BRIEF DESCRIPTION OF DRAWINGS

FIG. 1 is a schematic illustration of the smoke and CS munition function test equipment;

FIG. 2 is a side elevation view, partly in section, of the pulling drawer assembly; and

FIG. 3 is a schematic illustration of a transmissiometer at the opacity monitor station.

DETAILED DESCRIPTION OF PREFERRED EMBODIMENT

Referring now to FIG. 1, there is shown smoke and CS munition function test equipment comprising a firing chamber 10, expansion chamber 12, smoke opacity monitoring system 14, exhaust ducts 16, smoke filtering system 18, CS filtering system 20, variable speed exhausting system 22 and supporting steel structures 23. Vacuum gauges 24 are provided to monitor the drop in pressure on downstream side of the filters when the system is in use. The pressure-equating valve 26 allows fresh air to enter while exhausting the system. Components of the firing chamber 10 are: a pulley drawer 28 for activating smoke and tear gas grenades, a borescoping system 57 to provide an easement for emission timing of grenades, a pressure equating valve 26 to maintain atmospheric pressure inside the equipment and for viewing windows 68 with clamp and hinges (not shown).

Components of the firing chamber 10 are shown in detail in FIG. 2. Here there is shown the pulling drawer 28 which opens on slides not shown, to permit access to the grenade holding fixture 30. Clamps 32 are provided to lock the pulling drawer 28 in the closed position when the system is in use. The grenade fixture consists of brackets 34, 36 which support threaded shafts 38, 40. Shafts 38, 40 having handwheels 42, 44 at one end and feet 46, 48 at the other end are adapted to secure the grenade 50, which is clamped securely in position, as shown.
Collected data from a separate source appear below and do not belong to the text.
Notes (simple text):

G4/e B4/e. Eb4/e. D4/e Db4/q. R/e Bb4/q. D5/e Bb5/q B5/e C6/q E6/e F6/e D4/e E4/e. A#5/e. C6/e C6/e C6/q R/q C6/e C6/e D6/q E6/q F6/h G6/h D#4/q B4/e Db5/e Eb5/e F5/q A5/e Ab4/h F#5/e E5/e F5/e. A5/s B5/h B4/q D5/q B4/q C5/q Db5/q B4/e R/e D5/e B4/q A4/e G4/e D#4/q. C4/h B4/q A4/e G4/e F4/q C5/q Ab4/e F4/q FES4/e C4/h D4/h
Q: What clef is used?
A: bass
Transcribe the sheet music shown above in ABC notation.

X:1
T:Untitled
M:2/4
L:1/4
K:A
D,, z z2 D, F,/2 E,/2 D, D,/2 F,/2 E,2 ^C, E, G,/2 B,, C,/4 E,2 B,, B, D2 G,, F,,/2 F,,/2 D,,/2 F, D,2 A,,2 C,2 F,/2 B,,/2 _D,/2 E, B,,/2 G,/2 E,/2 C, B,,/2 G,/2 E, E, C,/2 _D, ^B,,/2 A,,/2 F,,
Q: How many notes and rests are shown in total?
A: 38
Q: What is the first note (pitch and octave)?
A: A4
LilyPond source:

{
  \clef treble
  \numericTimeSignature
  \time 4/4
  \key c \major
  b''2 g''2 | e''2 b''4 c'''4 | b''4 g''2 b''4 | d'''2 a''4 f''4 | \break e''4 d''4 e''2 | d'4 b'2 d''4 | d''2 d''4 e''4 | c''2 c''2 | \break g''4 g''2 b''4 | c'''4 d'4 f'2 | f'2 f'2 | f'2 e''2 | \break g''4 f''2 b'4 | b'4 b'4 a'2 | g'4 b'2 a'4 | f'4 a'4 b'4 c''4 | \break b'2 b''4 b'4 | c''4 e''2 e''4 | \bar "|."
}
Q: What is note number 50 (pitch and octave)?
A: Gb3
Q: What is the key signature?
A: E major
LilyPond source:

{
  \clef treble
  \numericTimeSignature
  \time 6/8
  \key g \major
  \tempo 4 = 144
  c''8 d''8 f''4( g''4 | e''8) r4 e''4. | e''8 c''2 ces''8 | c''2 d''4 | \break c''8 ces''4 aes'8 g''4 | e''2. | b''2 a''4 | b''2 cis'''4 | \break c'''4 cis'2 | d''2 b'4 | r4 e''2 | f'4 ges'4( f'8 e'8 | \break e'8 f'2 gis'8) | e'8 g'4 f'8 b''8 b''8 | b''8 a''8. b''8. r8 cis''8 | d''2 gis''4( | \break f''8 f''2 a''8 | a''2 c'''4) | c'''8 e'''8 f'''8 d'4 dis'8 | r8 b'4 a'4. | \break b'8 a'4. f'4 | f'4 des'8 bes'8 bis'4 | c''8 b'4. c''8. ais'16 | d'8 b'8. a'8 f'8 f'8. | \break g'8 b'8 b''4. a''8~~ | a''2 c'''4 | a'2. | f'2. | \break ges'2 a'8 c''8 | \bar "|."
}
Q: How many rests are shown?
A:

It should be noted that the safety pin 52 in the grenade 50 must be aligned with the direction of drawer movement to assure accurate measurement of pulling force of the pin 52. After securing the grenade in the drawer the safety pin 52 is connected to the pulling chain 54. The opposite end of the chain 54 is attached to a force gauge 56 which is used to measure the amount of force required to pull the pin 52 from the grenade 50. Handle 58 and a similar handle on the opposite side (not shown) of the gauge are provided to pull the gauge rearwardly which simultaneously pulls the pin 52 from the grenade 50 by means of interconnecting chain 54 and registers the pulling force on the gauge 56. Retractable plunger 60 locks gauge 56 at the rearward limit of its travel and, therefore, secures the gasketed plate 61 in closed position, thus sealing the pass opening of the force gauge 56.

FIG. 3 shows the arrangement of the single pass transmissiometer 62, 64 used in the smoke opacity monitoring system 14 shown in FIG. 1. The transmissiometer 62, 64 is situated above the pulling drawer 28 at the mouth of the expansion chamber 12 show in FIG. 1. Interruption of the light beam 66 (FIG. 3) between the transmissiometer elements 62, 64 by the smoke emitted from a detonated grenade is sensed by the transmissiometer and is relayed to the opacity monitor 14. The opacity reading is graphically or digitally displayed on the monitor for comparison against established standards. It should be noted that the opacity monitor and transmissiometer used are commercially available items, well known in the art, such as the Model 301 Opacity Monitoring System manufactured by Dynatron Incorporated.

In operation, the opacity monitor should first have zero adjustment in accordance with the manufacturers instructions. The transmissiometer is then activated and the exhaust system 22 (FIG. 1) is turned on. Clamps 32 (FIG. 2) are next released to permit the pulling drawer 28 to be opened. The grenade 50 to be tested is then clamped in the grenade fixture 30 as previously described in FIG. 2 and the pulling chain 54 is attached to the safety pin 52. The drawer is then closed and secured by clamps 32. Gauge handles 58 are then pulled rearwardly until plunger 60 locks the gauge slider in place. This action pulls the safety pin 52 detonating the grenade 50 and simultaneously records the pulling force on the gauge 56 as previously described in FIG. 2. The smoke emission is observed through the borescope 57 (FIG. 1) and a stop watch is used to time the duration of the emission as stipulated in the testing technical manual. This reading is recorded as are the readings from the opacity monitor 14 (FIG. 1) and the tension gauge 56 (FIG. 2) for subsequent comparison against established standards.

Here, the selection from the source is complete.